On the 120GB Intel 320 Series drive I used for testing, the drive tops out at around 28MB/s of transfers if you’re not pipelining requests via NCQ.  It goes a whole lot faster than that once the queue is full:
You might think such a huge difference would be immediately obvious in all test results, right?  It’s not though, and that’s how the error slipped by me.  Normally all of my tests are done by two similar machines, and then I validate they match.  I did that for some of the Seeking Postgres results, such as the write heavy tests.  For comparison, here are results from database’s pgbench tool executing its standard, TPC-B-like write test:
The write rate test is barely impacted by whether NCQ is turned on or off, so it wasn’t obvious that one drive had the feature enabled while the other didn’t.  I was using this to validate my test server was operating similar to a second system with one of these drives.  But I picked the one test here where NCQ doesn’t really matter.

The general conclusion of the original presentation is that the Intel SSDs are much faster than regular disk, but still a good bit slower than the more expensive FusionIO flash.  That I knew to be true from real-world workloads, so I’d have been surprised if things didn’t turn out that way.  But it turns out that is true whether or not NCQ is working.  The Intel 320 line in these results is better with NCQ than without, but the relative ranking isn’t any different now.  It’s just the case that the Intel SSD is more competative in some tests than I gave it credit for.
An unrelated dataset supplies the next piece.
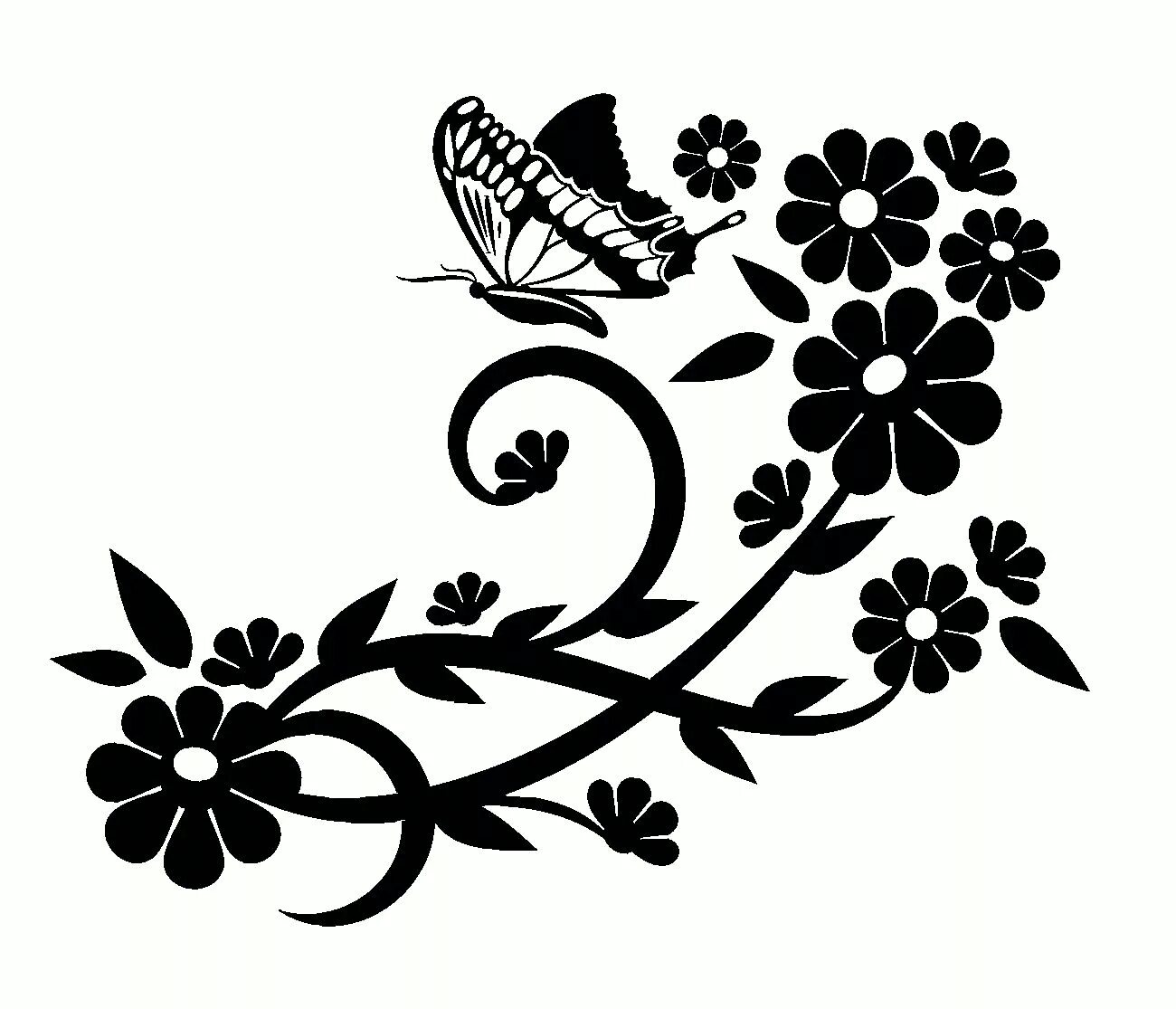 Красивые трафареты для оформления Fancy Floral Designs With ButterflyCustom Made Decal, Wall Window Car Truck Trai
The seeking read results show a much large gap with NCQ enabled:
You might notice a small drop in TPS on that brown line at low scales.  That’s a test error I can’t correct for at this point.  The original server I used for these tests was gone before I figured out what was wrong.  The replacement has the same type of CPU chip, but it’s clocked a bit slower.  (Was an Intel i7 870, now is an Intel i7 860)  That’s why the CPU limited results at low scales dropped.  On any of the I/O limited tests, that original CPU and the slower new one are almost identical, so I still think I’m being fair here.

Finally, I turned the random seek throughput into a business oriented question by asking how long it would take to refill all of RAM after something like a server reboot.  My original test placed the Intel drive as taking 5 minutes to read 16GB of random data with 32 clients reading.  This is exactly what NCQ helps with, and the correctly working drive only takes 1 minute to refill cache:
Thankfully, I don’t have to say I was completely wrong before.  The relative ranking of the various storage options is still the same.  The FusionIO drive I tested was and still is at the top of heap, especially if you need high write throughput.  But the worst case for reading on the Intel 320 series drives (and the very similar 710 series) is much closer to specifications than my tests showed.

With this old territory sorted out, next up I’m testing Intel’s latest enterprise drive, the DC S3700, which replaces the 710 drives in their lineup.  Initial test results look great so far; detailed ones are coming soon.